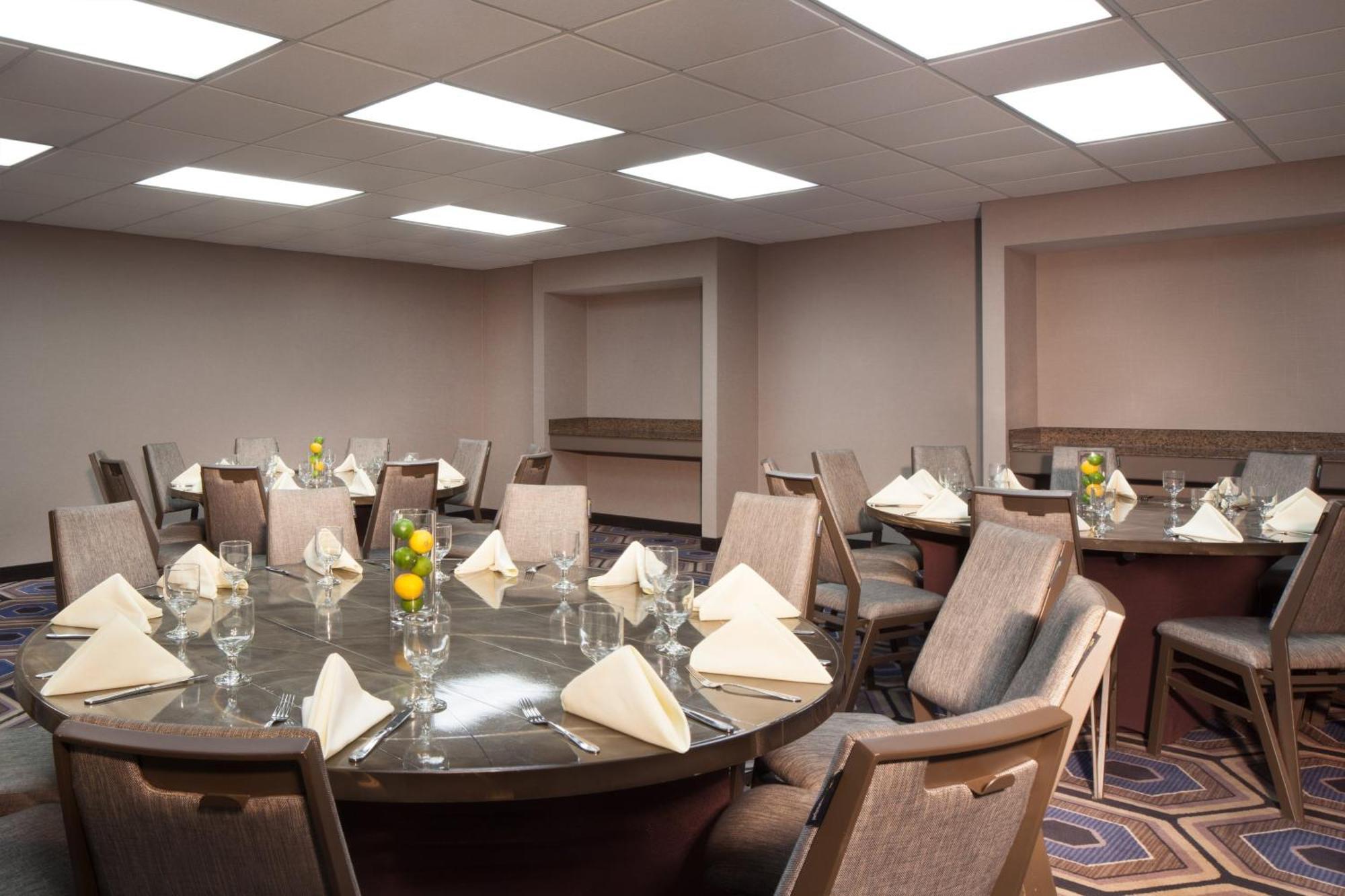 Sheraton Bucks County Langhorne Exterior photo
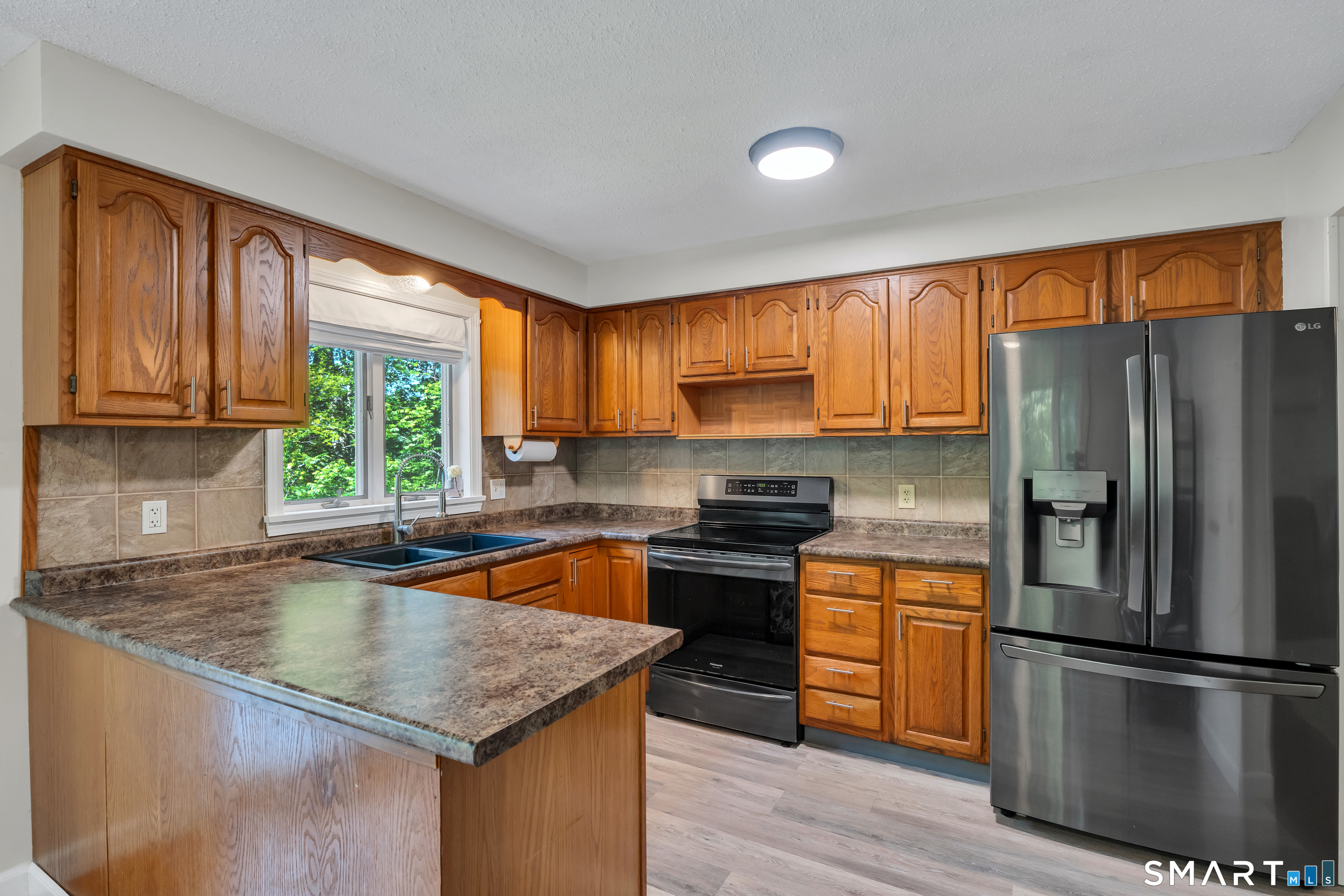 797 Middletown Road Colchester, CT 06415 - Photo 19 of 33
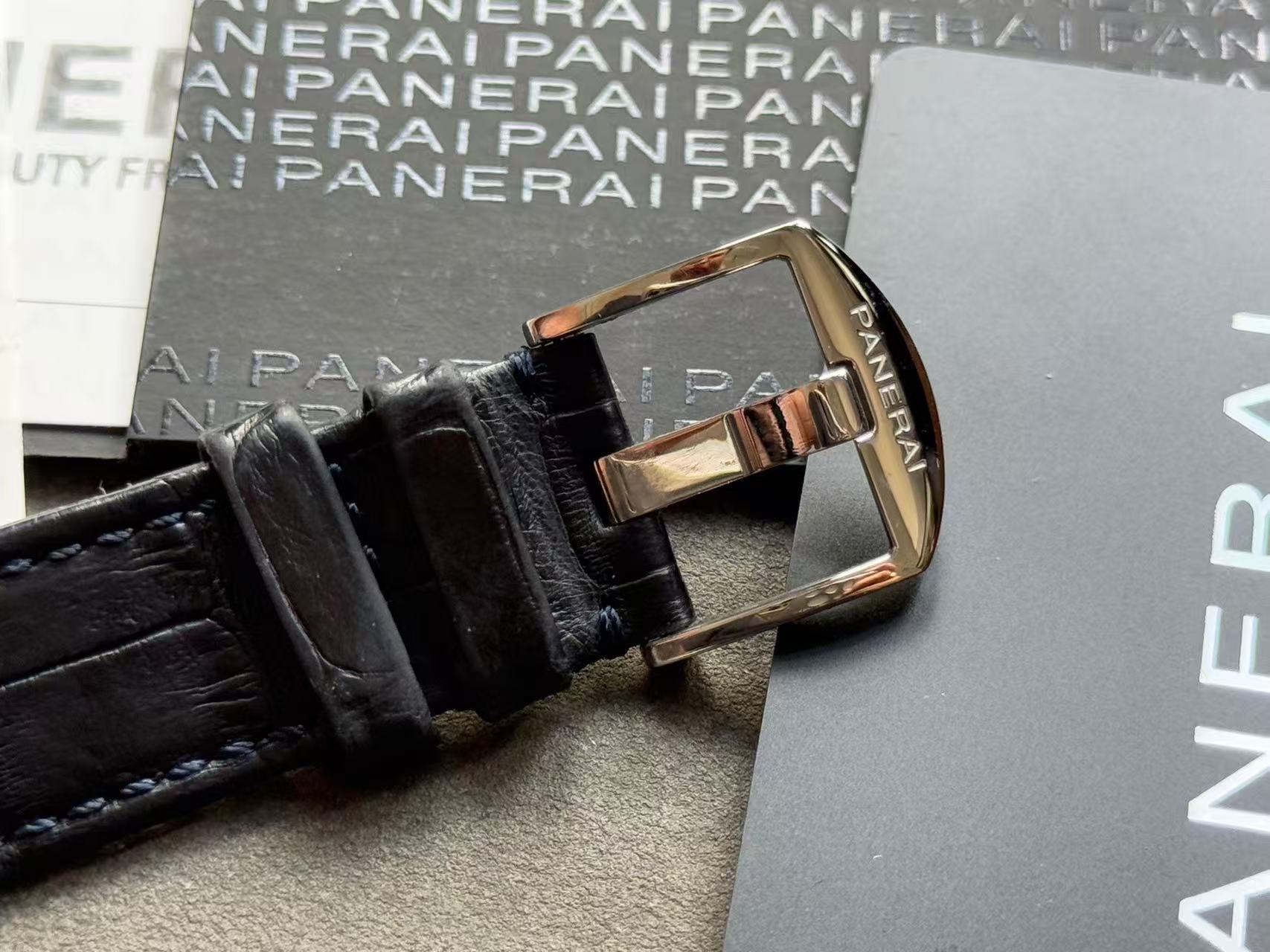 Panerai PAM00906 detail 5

^^^^^^^^^^^^^^^^

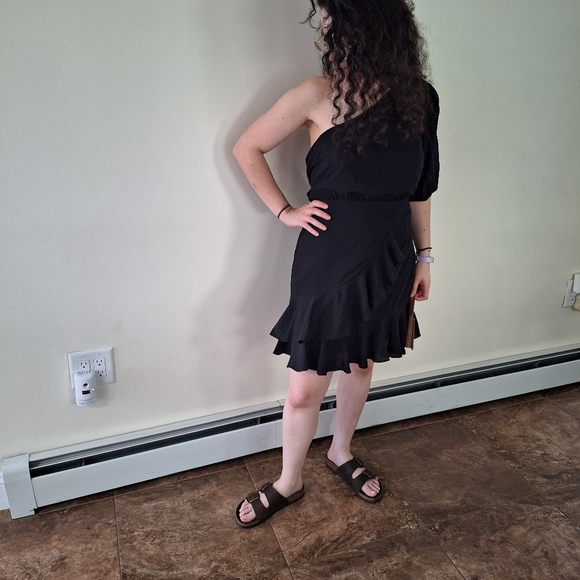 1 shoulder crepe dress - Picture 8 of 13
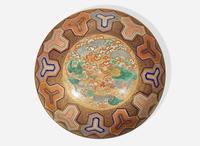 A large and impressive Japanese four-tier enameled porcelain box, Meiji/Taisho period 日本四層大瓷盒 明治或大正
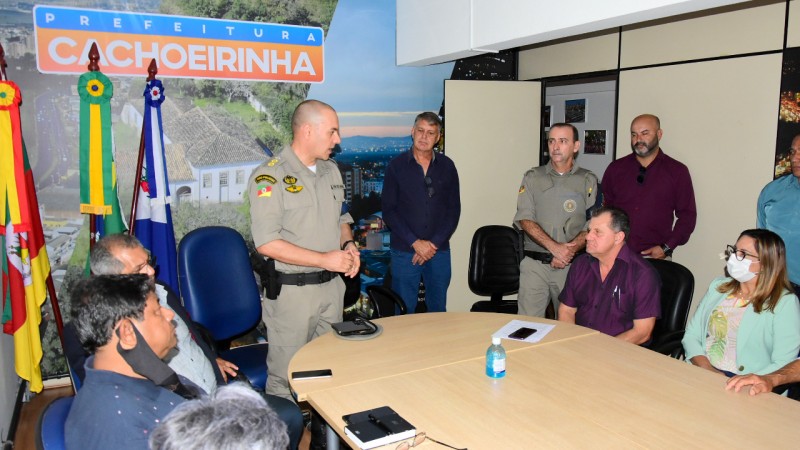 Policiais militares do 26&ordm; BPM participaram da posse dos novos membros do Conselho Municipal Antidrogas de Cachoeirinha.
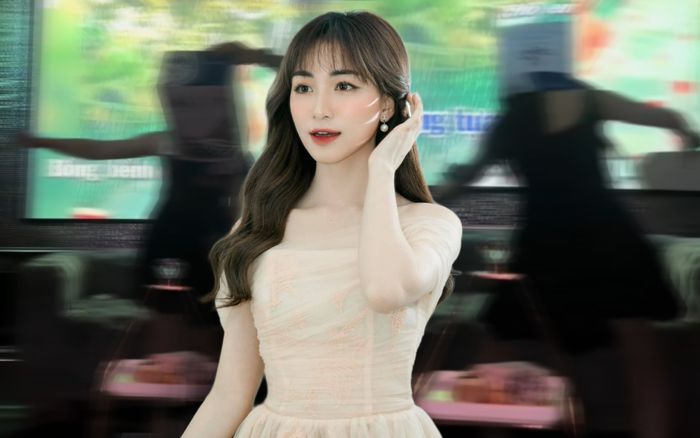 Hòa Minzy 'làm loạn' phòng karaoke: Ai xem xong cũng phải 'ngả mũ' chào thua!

^^^^^^^^^^^^^^^^

== TASK TO COMPLETE ==
Please output the lines above beginning at the line with "A large and" and ending after the line with "Hòa Minzy 'làm", precisely as written and with no pictures.

== OUTPUT OF THE TASK ==
 A large and impressive Japanese four-tier enameled porcelain box, Meiji/Taisho period 日本四層大瓷盒 明治或大正
 Policiais militares do 26&ordm; BPM participaram da posse dos novos membros do Conselho Municipal Antidrogas de Cachoeirinha.
 Hòa Minzy 'làm loạn' phòng karaoke: Ai xem xong cũng phải 'ngả mũ' chào thua!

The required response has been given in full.